Saturday, May 4, 2013

Ask Uttara: I am a mother of two who would very much like to leave my current relationship but I fear the affect on my children . . .


Question:  I am a mother of two who would very much like to leave my current relationship but I fear the affect on my children (one of which I've already put through a divorce). On one hand I feel I should do what is right for me, but on the other hand I see the affect my divorce had on my older child and I don't know if my happiness is worth my younger child's unhappiness. I am torn. You mentioned you are divorced and a mother.

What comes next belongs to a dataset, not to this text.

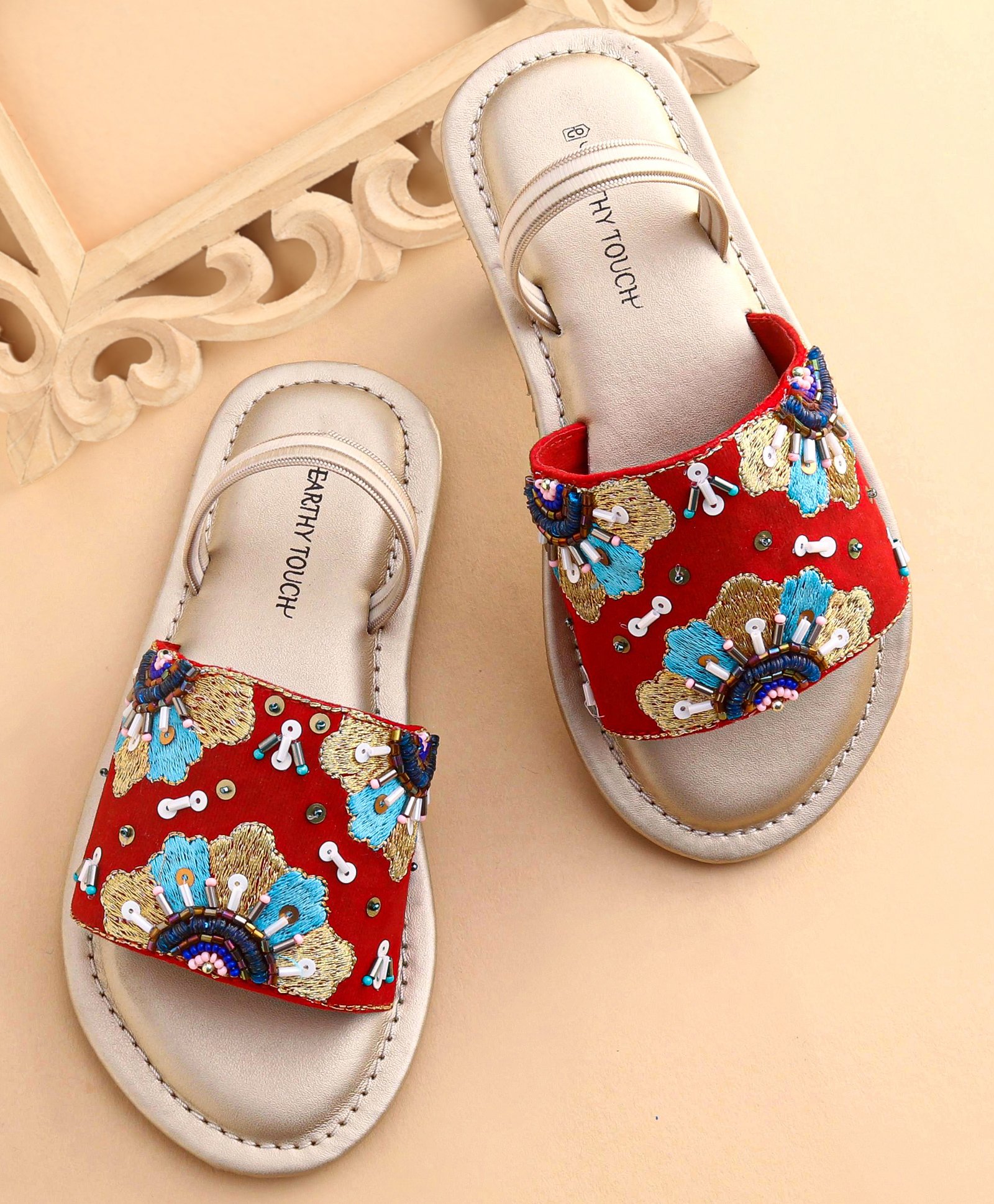 Earthy Touch Printed Ethnic Footwear with Back Strap - Red-image-9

Can you tell me about your experience?

Dearest Reader:

Honey; pull up a chair.

First thing I will say is this -- YOU matter; YOUR happiness matters.

As much as we moms would like to bubble wrap our babes and protect them from pain and suffering, it just is not possible.  We particularly never want to be the source of their pain or suffering.  But the question is, how much of your life, your dream, your soul do you abandon or betray in order to do that?

My first divorce involved no children and it involved a very abusive man.  Once I made the decision it was very clear that it was the right thing and no one disagreed with my decision (except for him, of course).

My second divorce was very different; he is the father of my three children.  There was no abuse; just neglect and loneliness.  I knew there would be people in my life who understood my choice and others that would not.  

In the end I decided that my happiness mattered.  That I was too young to dry up inside for the sake of appearances.  Just staying for the children or for financial security was not enough glue to bind me to him. 

Telling the children was by far the hardest thing I've ever done in my life. When we sat them down and I said we were getting divorced they were all old enough to know immediately what that meant, and I took full responsibility because it was my choice.

I will never forget the look of betrayal in my son's eyes as my decision took the secure fabric of his life and shredded it.  I will never forget my daughter asking me why what I wanted was more important than what four other people wanted.  There have been lots of hard days -- moving day; first visitation weekend; it goes on and on, you know.  And we're still dealing with emotional fallout with the kids -- it is hard hard hard.

And I would do it again in a minute.

Pretending everything is okay is NOT okay, and I don't want to model that for my children.  They learn so much more from what you do or don't do than what you say.  I don't want my children to stay involved with people just for money or security or not to hurt their feelings  I don't want them to ignore their needs, dreams and desires to try to save someone else from suffering.  Because the thing is -- you can never protect anyone from their karma.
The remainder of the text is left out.